A 10-4 defeat to Fergal O'Brien in the first of three qualifying rounds for this year's World Championship confirmed to Davis it was time to quit.
Davis' father, Bill, died last month at the age of 89 after a period of failing health.
Davis said: "It came to my mind that perhaps it was the right time to stop.
"And my father wasn't very well. So I entered, for him, this year's World Championship. He was still alive when I entered, then he passed away so I played the match against Fergal. That was the only match I ever played without him."
His voice cracked as he fought to get the words out. There were two great relationships Davis enjoyed in snooker: with his father, who in the early 1970s presented him with namesake Joe Davis' blueprint for the game, How I Play Snooker, and with Hearn, whom he first met 40 years ago.

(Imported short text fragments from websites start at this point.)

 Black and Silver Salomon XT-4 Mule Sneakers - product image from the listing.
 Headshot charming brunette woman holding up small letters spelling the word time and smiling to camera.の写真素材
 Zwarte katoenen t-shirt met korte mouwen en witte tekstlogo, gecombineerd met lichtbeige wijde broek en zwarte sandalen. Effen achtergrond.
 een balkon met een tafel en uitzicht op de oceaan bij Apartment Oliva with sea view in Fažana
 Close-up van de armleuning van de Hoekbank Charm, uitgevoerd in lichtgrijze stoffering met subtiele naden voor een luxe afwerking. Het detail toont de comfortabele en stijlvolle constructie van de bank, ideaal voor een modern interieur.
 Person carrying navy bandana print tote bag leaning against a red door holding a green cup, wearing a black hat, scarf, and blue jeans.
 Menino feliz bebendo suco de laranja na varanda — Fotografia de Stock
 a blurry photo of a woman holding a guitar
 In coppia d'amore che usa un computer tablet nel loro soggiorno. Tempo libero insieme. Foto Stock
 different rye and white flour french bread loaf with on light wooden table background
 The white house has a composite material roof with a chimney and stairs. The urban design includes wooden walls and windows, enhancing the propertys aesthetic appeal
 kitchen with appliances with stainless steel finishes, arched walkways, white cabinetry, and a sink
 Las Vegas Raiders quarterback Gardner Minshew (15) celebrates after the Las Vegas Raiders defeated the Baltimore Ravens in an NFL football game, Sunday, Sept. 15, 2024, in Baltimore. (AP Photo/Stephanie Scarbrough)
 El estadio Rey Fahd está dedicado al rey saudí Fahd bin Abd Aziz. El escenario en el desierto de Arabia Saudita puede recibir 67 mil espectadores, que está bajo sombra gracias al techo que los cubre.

With dad Bill and manager Hearn by his side, Davis won world titles in 1981, 1983, 1984, 1987, 1988 and 1989.

So long was his career that at one end of it he played against Fred Davis, Joe's brother who was born in 1913, and at the other against current rising star Kyren Wilson, who was not alive for any of Davis' six Crucible wins.
Davis is certain snooker is heading for another boom era.
"I'm really pleased to have been part of the start of it. Everyone says we're lucky to have been a part of a golden period but I think the best years are still to come," he said.
Hearn said, according to several national newspapers: "A knighthood is so far overdue for Steve Davis it is difficult to comprehend, given the level of his contribution to British sport. It would be the very least he deserves."
World Snooker chief Hearn did not hesitate in naming the highlight of their time together: the first world title.
"It's easy to say the 1981 World Championship was the moment that lives with me for the rest of my life," Hearn said,
"I think of it almost every day still now. It was a breakthrough moment for both of us. We were two council house kids. We didn't have anything but we had a dream, we had a belief in each other's ability, with father Bill as an integral part of the team, and the three of us took on the world and won.
"Of all the thousands and thousands of sporting events I've done, and all the great days I've had, nothing gets remotely close to that moment in 1981."
Long-time rival White added: "He's been a fantastic ambassador for the game. I've got all the respect in the world for him."